TASK INPUTS
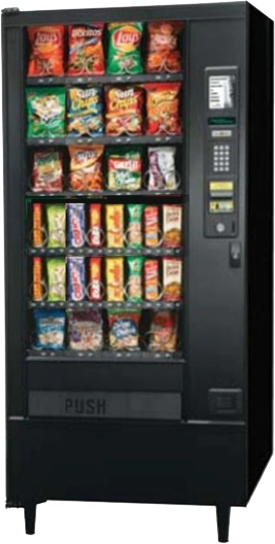 AP AUTOMATIC PRODUCTS 111,112,113 SNACK LED DISPLAY BOARD W/ free key pad 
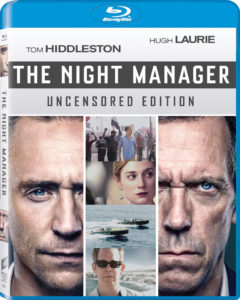 Night Manager BD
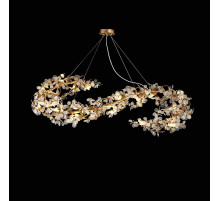 Подвесная люстра Imperiumloft CARAMELLY E Imperiumloft handmade caramelly01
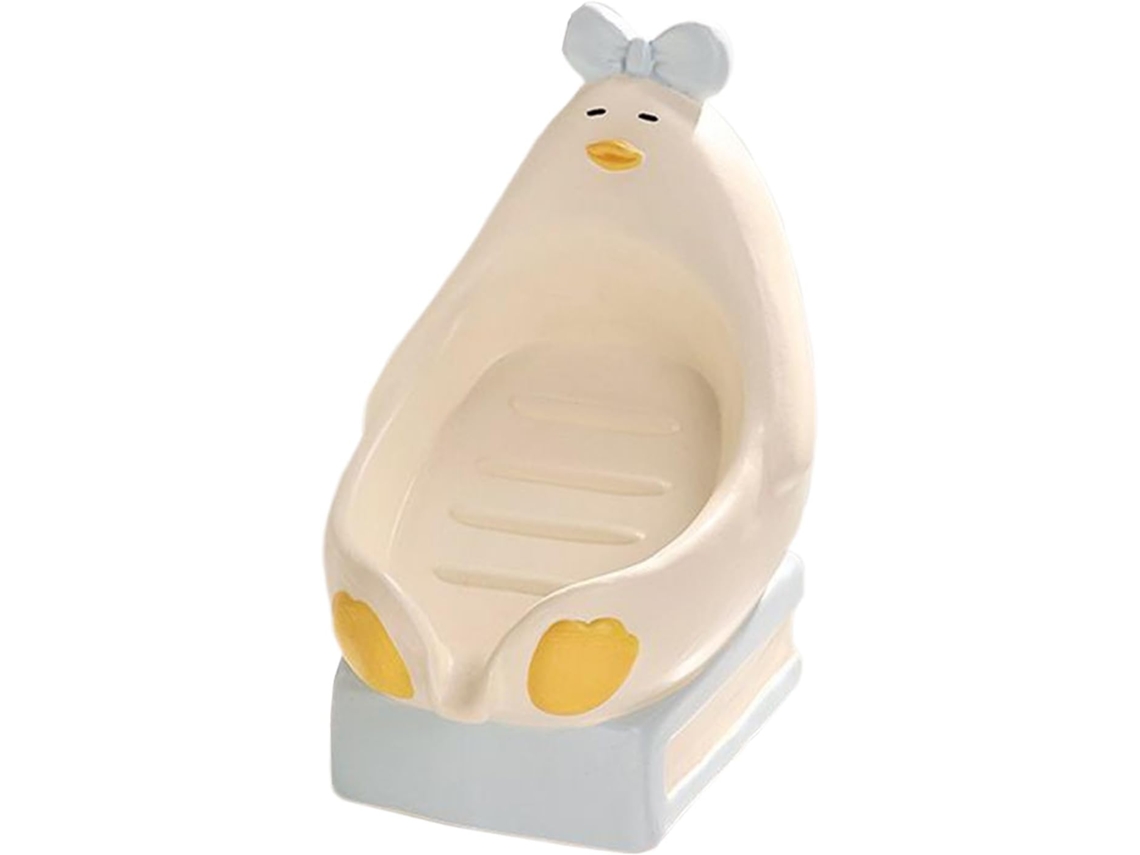 Dispenser de sabonete líquido VAYOTOY, parede, recarregável, ampla abertura, 3 frascos, para líquidos, shampoo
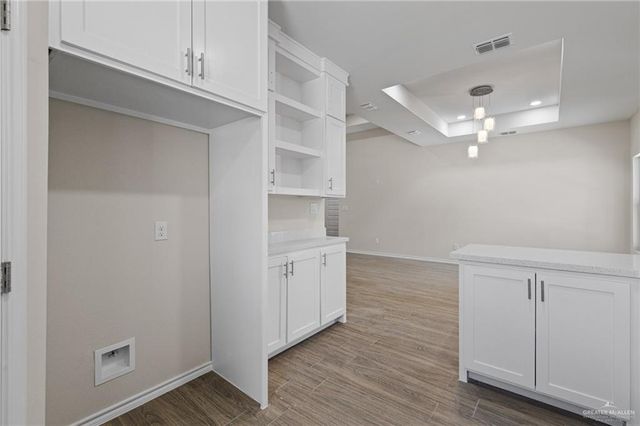 401 Hope Drive, La Feria, TX 78559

INSTRUCTIONS FOR THE TASK
Leaving out all pictures, transcribe the listing exactly.

REPLY TO THE EXERCISE
 AP AUTOMATIC PRODUCTS 111,112,113 SNACK LED DISPLAY BOARD W/ free key pad 
 Night Manager BD
 Подвесная люстра Imperiumloft CARAMELLY E Imperiumloft handmade caramelly01
 Dispenser de sabonete líquido VAYOTOY, parede, recarregável, ampla abertura, 3 frascos, para líquidos, shampoo
 401 Hope Drive, La Feria, TX 78559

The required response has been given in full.